Ballerina is an upcoming American action thriller film directed by Len Wiseman from a screenplay by Shay Hatten and Emerald Fennell, based on a story by Hatten. The film is intended to be a spin-off of the John Wick franchise and the fifth installment thereof. It stars Ana de Armas as Rooney, a ballerina-assassin previously portrayed by Unity Phelan in John Wick: Chapter 3 – Parabellum (2019), with Ian McShane, Keanu Reeves, Lance Reddick, and Anjelica Huston reprising their roles from previous films. Principal photography began in November 2022, in Prague.

Premise
Taking place between the events of John Wick: Chapter 3 – Parabellum and Chapter 4, ballerina-assassin Rooney hunts the murderers of her family.

Cast
 Ana de Armas as Rooney: A ballerina who seeks revenge by hunting the murderers of her family. The character was previously portrayed by Unity Phelan in John Wick: Chapter 3 – Parabellum (2019).
 Ian McShane as Winston Scott: The enigmatic owner of the Continental Hotel.
 Keanu Reeves as Jardani Jovonovich / Johnathan "John" Wick: A professional hitman known as one of the most dangerous assassins, and fearfully referred to in the hitman underworld as "Baba Yaga".
 Lance Reddick as Charon, the concierge at the Continental Hotel in New York.
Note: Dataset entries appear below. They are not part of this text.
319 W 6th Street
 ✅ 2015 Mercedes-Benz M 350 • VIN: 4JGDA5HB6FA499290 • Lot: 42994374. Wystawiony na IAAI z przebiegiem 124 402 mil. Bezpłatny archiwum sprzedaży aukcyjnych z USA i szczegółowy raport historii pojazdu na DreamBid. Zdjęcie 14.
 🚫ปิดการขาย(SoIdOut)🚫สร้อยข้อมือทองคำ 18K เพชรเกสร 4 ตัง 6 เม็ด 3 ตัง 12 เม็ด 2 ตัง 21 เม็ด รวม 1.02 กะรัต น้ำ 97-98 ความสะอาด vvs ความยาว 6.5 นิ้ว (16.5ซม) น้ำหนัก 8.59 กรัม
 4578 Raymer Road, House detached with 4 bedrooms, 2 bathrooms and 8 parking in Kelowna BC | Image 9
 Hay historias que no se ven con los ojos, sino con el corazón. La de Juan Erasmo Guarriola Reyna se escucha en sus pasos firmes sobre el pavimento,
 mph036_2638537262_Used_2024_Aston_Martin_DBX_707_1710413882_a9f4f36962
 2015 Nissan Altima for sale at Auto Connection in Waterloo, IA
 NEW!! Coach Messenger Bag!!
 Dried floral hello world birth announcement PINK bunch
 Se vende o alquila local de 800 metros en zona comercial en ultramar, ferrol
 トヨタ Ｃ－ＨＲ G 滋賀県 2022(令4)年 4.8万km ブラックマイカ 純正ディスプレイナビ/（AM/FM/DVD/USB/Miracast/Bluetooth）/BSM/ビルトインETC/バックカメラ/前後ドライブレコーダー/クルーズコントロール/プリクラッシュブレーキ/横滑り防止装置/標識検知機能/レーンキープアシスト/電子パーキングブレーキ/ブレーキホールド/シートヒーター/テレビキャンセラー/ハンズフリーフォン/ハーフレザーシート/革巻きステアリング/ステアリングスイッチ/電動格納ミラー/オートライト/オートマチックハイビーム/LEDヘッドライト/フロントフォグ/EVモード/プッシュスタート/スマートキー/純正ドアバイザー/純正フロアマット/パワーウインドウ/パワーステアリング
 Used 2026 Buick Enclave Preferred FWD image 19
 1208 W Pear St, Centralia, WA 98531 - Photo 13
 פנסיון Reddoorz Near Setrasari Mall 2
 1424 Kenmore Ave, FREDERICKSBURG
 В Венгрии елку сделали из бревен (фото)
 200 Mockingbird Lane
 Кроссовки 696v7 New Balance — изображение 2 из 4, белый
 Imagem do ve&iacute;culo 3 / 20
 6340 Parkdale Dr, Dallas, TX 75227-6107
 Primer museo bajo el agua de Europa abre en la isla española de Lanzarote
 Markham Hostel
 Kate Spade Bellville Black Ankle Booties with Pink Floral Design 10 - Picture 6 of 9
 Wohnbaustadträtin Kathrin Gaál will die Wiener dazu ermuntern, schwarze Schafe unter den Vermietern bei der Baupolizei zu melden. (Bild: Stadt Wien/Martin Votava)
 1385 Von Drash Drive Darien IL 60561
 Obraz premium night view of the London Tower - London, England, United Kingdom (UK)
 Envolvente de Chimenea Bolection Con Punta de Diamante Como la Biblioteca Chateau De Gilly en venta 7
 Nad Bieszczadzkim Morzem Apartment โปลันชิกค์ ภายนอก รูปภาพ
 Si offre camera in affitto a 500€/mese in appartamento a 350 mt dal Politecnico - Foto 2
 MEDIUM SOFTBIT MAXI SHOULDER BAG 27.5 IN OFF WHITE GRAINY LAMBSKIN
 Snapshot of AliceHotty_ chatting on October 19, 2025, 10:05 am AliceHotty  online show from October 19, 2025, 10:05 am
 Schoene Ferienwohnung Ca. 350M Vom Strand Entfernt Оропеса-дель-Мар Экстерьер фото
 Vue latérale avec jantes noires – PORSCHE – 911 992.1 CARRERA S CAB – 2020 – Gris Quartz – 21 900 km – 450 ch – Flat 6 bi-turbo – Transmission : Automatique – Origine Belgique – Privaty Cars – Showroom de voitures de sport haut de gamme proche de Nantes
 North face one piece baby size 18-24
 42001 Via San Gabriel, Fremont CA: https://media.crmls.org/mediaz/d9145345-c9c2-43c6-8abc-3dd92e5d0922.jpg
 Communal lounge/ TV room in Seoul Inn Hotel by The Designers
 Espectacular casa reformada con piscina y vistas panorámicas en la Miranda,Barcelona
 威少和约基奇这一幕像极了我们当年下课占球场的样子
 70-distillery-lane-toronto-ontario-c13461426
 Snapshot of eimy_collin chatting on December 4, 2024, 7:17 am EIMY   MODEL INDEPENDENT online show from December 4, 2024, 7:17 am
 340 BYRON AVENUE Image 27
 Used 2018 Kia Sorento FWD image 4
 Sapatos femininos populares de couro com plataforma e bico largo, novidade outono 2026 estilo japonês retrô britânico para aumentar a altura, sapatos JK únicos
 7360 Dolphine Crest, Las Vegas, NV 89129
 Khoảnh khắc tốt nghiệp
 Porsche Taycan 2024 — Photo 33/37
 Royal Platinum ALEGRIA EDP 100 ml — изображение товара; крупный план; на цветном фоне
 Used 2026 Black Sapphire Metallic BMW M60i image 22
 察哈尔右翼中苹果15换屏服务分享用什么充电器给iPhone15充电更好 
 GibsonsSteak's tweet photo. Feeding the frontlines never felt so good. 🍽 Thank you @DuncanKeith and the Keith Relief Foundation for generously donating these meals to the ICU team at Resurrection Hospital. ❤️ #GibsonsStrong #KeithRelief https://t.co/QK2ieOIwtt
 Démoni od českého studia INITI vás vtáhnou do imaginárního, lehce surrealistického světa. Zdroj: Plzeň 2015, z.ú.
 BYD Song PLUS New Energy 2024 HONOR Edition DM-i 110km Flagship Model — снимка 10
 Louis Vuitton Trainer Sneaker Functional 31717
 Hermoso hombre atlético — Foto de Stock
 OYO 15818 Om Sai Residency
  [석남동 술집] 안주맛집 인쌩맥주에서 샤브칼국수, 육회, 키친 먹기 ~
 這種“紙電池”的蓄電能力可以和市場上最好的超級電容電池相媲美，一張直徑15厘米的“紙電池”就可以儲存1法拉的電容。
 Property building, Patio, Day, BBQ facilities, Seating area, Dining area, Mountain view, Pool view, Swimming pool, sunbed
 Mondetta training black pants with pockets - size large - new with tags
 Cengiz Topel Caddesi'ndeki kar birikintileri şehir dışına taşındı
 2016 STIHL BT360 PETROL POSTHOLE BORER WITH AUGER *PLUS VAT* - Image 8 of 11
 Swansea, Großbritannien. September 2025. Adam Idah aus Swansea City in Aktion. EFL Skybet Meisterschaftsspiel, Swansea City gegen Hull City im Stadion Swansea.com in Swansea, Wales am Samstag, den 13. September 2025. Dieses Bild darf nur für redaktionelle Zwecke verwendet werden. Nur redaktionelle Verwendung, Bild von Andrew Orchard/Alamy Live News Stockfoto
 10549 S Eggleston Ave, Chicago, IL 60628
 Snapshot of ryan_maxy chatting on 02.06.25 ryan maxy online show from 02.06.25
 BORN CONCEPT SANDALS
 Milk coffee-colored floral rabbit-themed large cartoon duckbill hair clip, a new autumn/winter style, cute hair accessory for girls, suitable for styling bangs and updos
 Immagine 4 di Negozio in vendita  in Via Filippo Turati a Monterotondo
This was Reddick’s final appearance as Charon and one of his last screen appearences.
 Anjelica Huston as "The Director"

Additionally, Gabriel Byrne, Norman Reedus, and Catalina Sandino Moreno have been cast in undisclosed roles.

Production

Development
In July 2017, Lionsgate Films acquired Shay Hatten's action thriller Ballerina, with Thunder Road Films producing the film with Hatten rewriting the script to be a part of the John Wick franchise, with the title character, Rooney, ultimately being written into the third main film, John Wick: Chapter 3 – Parabellum in a cameo role ahead of the production of Ballerina, portrayed by Unity Phelan. By October 2019, Len Wiseman was hired to direct the film. In May 2020, Stahelski stated that Wiseman had read the script earlier, and approached the studio with a pitch of how he would develop the project, based on Hatten's draft, for which the proof of concept had previously been uploaded to YouTube in September 2017. Stahelski met with Wiseman, and approached executives to hire the filmmaker. He confirmed that he and his team will work closely with Wiseman on the action sequences and stunts for the film, while acknowledging that Wiseman's filmmaking style will add variety to the franchise. At that point, Wiseman and Hatten were working on a newer draft of the script. By April 2022, the film was officially announced by Lionsgate.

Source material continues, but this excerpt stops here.